Gündelik hayatımızda plastikleri azaltmak için öncelikle plastiği en çok kullandığımız alanları belirlemeliyiz. Bunu yaptığınızda karşınıza kişisel bakım ve mutfak ilk iki sırada çıkacaktır. Örneğin şampuan yerine ambalajsız sabun veya ev yapımı tariflerle kişisel bakım yapılabilir. Örneğin ben sabun ile duş alıp koltuk altı için de karbonat tozu kullanıyorum ve sadece bu iki küçük değişiklikle yıllık 30’dan fazla plastikten kurtulmuş oldum. Mutfak için ise en önemli adım planlı alışveriş. Kişiler sadece bez çanta ile alışverişe giderek bile birçok poşetten kurtulmuş olacaklar. Bunun yanında gramla satılan ürünler için de kendi kâsenizi götürürseniz alışveriş kaynaklı ambalaj yükünüzü ciddi oranda azaltabilirsiniz. Benzer şekilde dışardan yemek söylemek yerine evde yemek yapmak, ıslak mendil, kürdan pipet, plastik her türlü tek kullanımlıkları reddetmek ciddi bir plastik azaltımı sağlayacaktır. Ben örneğin dışarıdan yemek söylemek zorunda isem gidip kendim almayı ve giderken de kendi kâselerimi götürmeye özen gösteriyorum. Böylelikle onlarca anlamsız tek kullanımlık plastikten de kurtulmuş oluyorum.

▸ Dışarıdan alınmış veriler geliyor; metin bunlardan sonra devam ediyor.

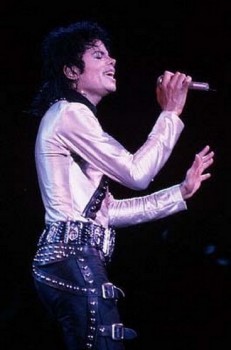 BAD WORLD TOUR  D21cc9232529658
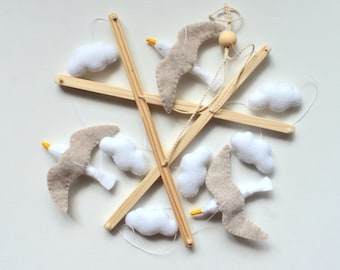 Babymobiel met vliegende meeuwen: handgemaakte decoratie voor de babykamer in nautische stijl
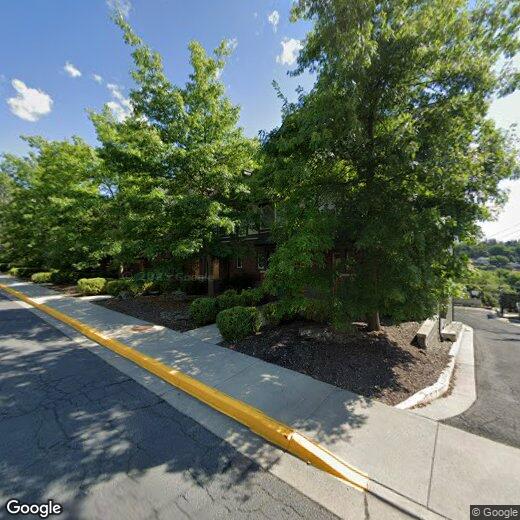 Foto principal - 715 NE Oak St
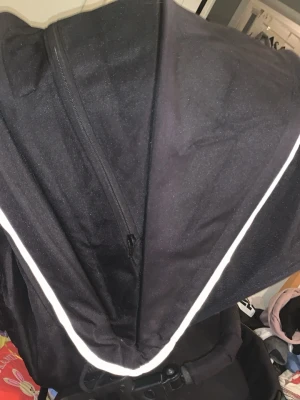 Kronan Duo S Sittdel  - Sittdel i mycket fint skick, till Kronan Duo S barnvagn. Stått förvarad inomhus! 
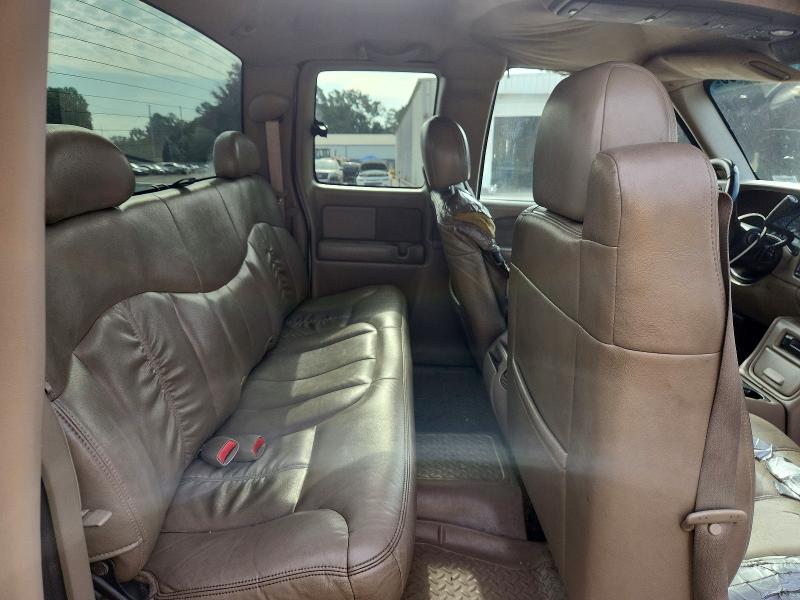 Photo 10 from auction – 2002 CHEVROLET SILVERADO with VIN 2GCEC19T321332652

Plastik yerine uygun alternatif bir ürün kullanımı ne gibi değişiklikleri de beraberinde getirir? 

Plastiğin yerine alternatif bir ürünün çok mümkün olmadığını düşünüyorum. Sonuçta bu miktardaki plastik tüketimi için ortaya konulacak alternatifler de ciddi bir kaynak tüketimi anlamına gelecektir. Tek çare plastiğe olan bağımlılığımızı azaltmak! Öncelikli olarak tek kullanımlık plastiklerin tüm dünyada yavaş yavaş olduğu şekilde ülkemizde de yasaklanması lazım. Ambalaj sektörü sorumluluk alıp tekrar kullanılabilir ambalajlar geliştirmeli ya da bir ürüne birden fazla ambalaj kullanmayı terk etmelidir. Depozito sistemi yaygınlaştırılmalı ve tekrar kullanım özendirilmelidir. Anahtar sloganımız tekrar kullanıma evet tek kullanımlığa hayır!

Türkiye’de Akdeniz’i plastikle en çok kirleten iki şehir Adana ve Mersin olarak tespit edildi. Bunun sebepleri konusunda bilgilerinizi aktarabilir misiniz?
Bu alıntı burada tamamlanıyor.